También se registraron exportaciones a Francia, 692 toneladas y 3.260.000 dólares; Bélgica, 390 toneladas y 1.895.000 dólares; Alemania, 234 toneladas y 1.020.000 dólares y España, 105 toneladas por 537.000 dólares, entre otros mercados.
Para este tipo de producto, la faena se elabora bajo exigencias de muy alta seguridad, dado que no debe conllevar ningún riesgo sanitario y contar con una calidad microbiológica óptima.
Los cortes se envasan individualmente en envases primarios de polietileno y el conjunto en unidades de cartón, identificadas con el logo del SENASA y de la Unión Europea. Estos requisitos se enmarcan en la norma Comunitaria 91/495/CEE, que estipulan los países importadores del bloque para estas carnes.

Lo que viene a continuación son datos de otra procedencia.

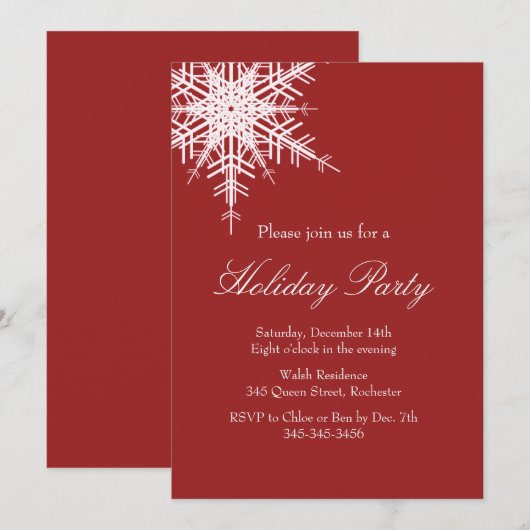 Vakantiegroep Snowy Red Uitnodiging (Voorkant / Achterkant)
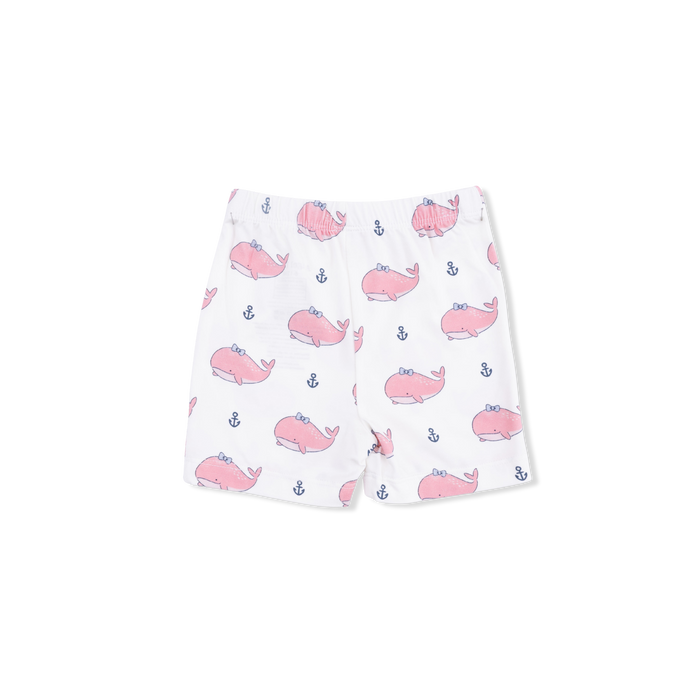 Bubbly Whale with Bow  Pink - Loungewear Short Set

Las plantas frigoríficas que se habilitan para carnes de conejo doméstico procesada, aplican un estricto control de Buenas Prácticas de Manufacturas (BPM) que son exigidas por el SENASA.
Luego de más de 7 años sin registrarse exportaciones de carnes frescas de conejo desde la Argentina, en 2002 se reiniciaron los envíos hacia la Unión Europea sumando 124 toneladas por un total de 491.000 dólares. En 2003, las exportaciones alcanzaron las 378 toneladas por 1.664.000 dólares y el año pasado sumaron 1.387 toneladas por un valor de 7.182.000 dólares.